A recent briefing has revealed that crimes in Vanuatu are sometimes committed by young individuals under the age of 18.

However, the Vanuatu Daily Post has learned from the Director of Vanuatu Correctional Services (VCS), Johnny Marango, that there are currently very few minors in detention, presently only one juvenile is being held, and he is housed at the newly established juvenile facility in Santo.

“In Port Vila, we keep teenage inmates with adult inmates. In Santo, we have a facility ready, but the juvenile bill that should be passed by the parliament is not yet approved,” he said.

“We are still working on it with the Office of the Attorney General, and it may be passed by the end of this year in November.

“We only have one juvenile detainee in our custody, he is currently in the juvenile facility in Santo.

“We are managing him according to the Correctional Services Act, which also provides for separating minors from adults. He is 14 years old and has been remanded for unlawful entry and theft, we have one juvenile in Vila, who is 17 years old, but he is now out on bail.”

Local psychiatrist, Dr Jimmy Obed, expressed concerns about the impact of detention on young offenders.

“Anyone who goes through a facility here will go through something; we don’t know how he’s taken care of, and it will definitely have an impact on him,” he said.

“There’s a whole change of environment for a young person; it’s a bit much. I’m not too sure about the services they (Corrections) provide for him in the prison, the prison experience for anyone is not a good experience.”

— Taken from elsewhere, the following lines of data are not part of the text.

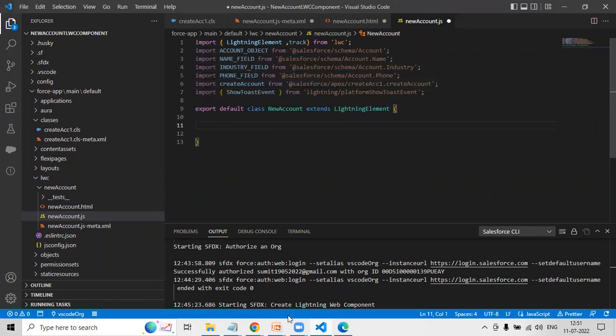Now let's complete the code. I'll share the link to download the complete code in the description section so you can copy it from there. Let me paste the code now — that's the code.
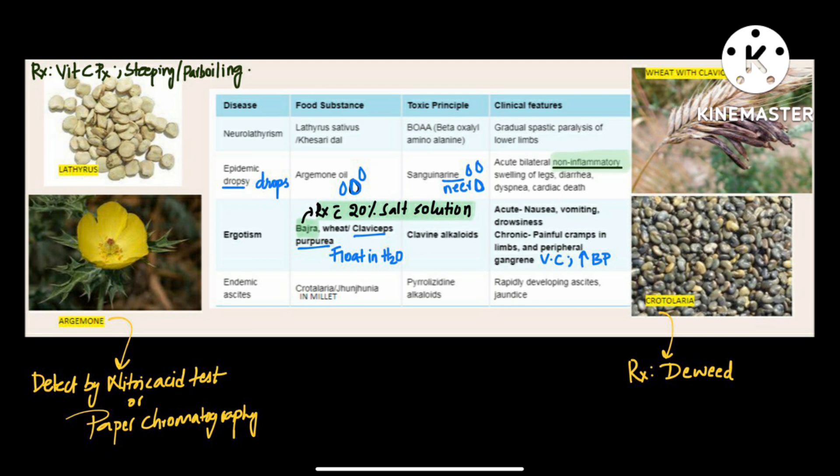Don't confuse between epidemic dropsy and endemic ascites. Epidemic dropsy has oil drops and water drops — 'neer'. Endemic ascites has 'end' in the word pyrrolizidine — at the end. The features of endemic ascites are rapidly developing ascites and jaundice. For Crotalaria seeds, we use a weeding process.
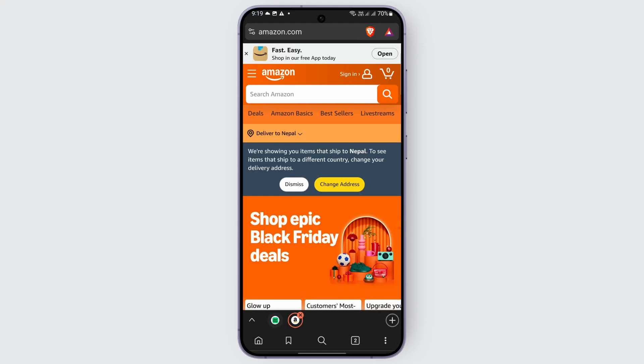First thing first, just download the Amazon application on your device. You can go to any app store available on your device and simply search for Amazon. After the download is complete, just sign into your account using your login credentials.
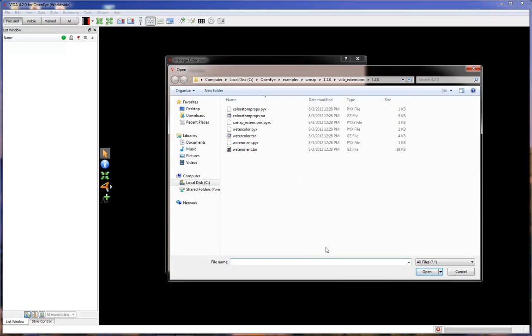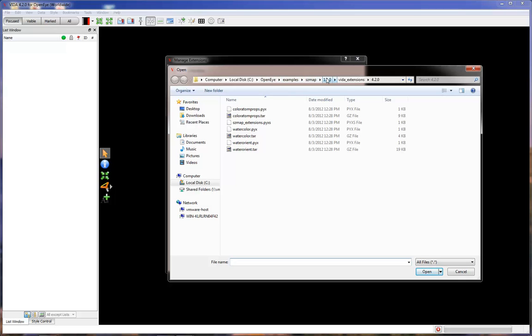Navigate to the location of your extensions. In this example, the SZMAP extensions are in the 4.2.0 folder. And the full path is OpenEye, Examples, SZMAP, 1.1.0, VIDA Extensions, 4.2.0.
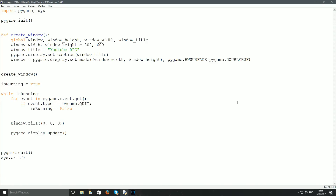Hello guys, welcome back to the second tutorial of the game. First of all, I've made the text a bit bigger because someone asked me to — it was hard to read. I've set it to size 18 and put the window on full screen, so it should help you now.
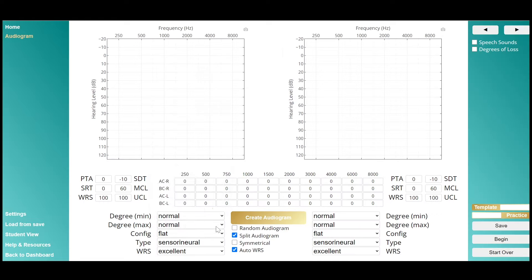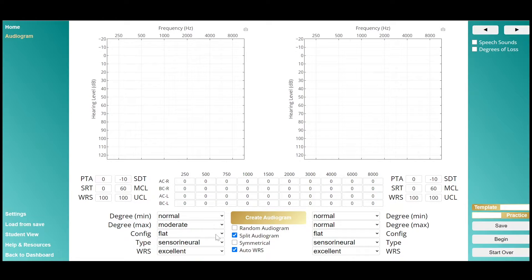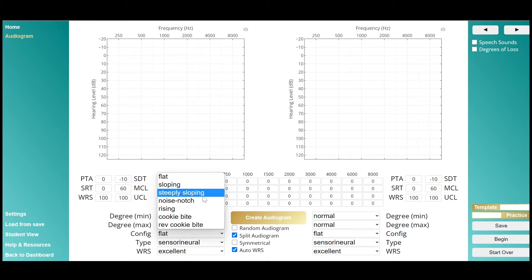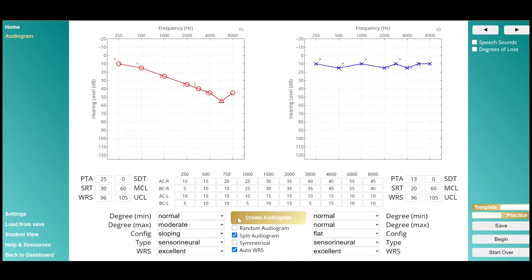Let's design an audiogram-only case. Here you can use the drop-downs to quickly design a hearing profile, which can then be saved for later, or you can jump in and start right away.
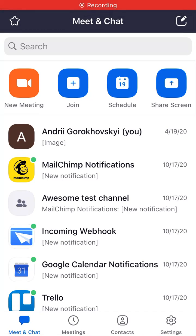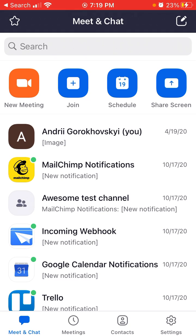Hello everyone. So here is Zoom app on iPhone. Did you know that starting from iOS 14 you can minimize the Zoom meeting window? Pretty cool setting.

Dr Obed highlighted the need for comprehensive mental health services within the correctional system, noting, “the whole system needs mental health assistance, but unfortunately, we don’t have the resources to provide the full experience.”

“A prison facility as an infrastructure will not solve the problem; it’s the services in there that will,” he said.

“Placing them apart from the adults will not help; it’s just a time-out, what rehabilitation services they (Corrections) have to help the inmates will help.’

The importance of rehabilitation was echoed in a 2021 article titled “Juvenile Centre to Provide Educational Training.”

It stated that the new juvenile correctional facility opened in Santo aims to provide education, training, and skills development opportunities for young offenders aged 12 to 18.

This initiative underscores the need for a more supportive and rehabilitative approach to juvenile detention, focusing on helping young offenders reintegrate into society.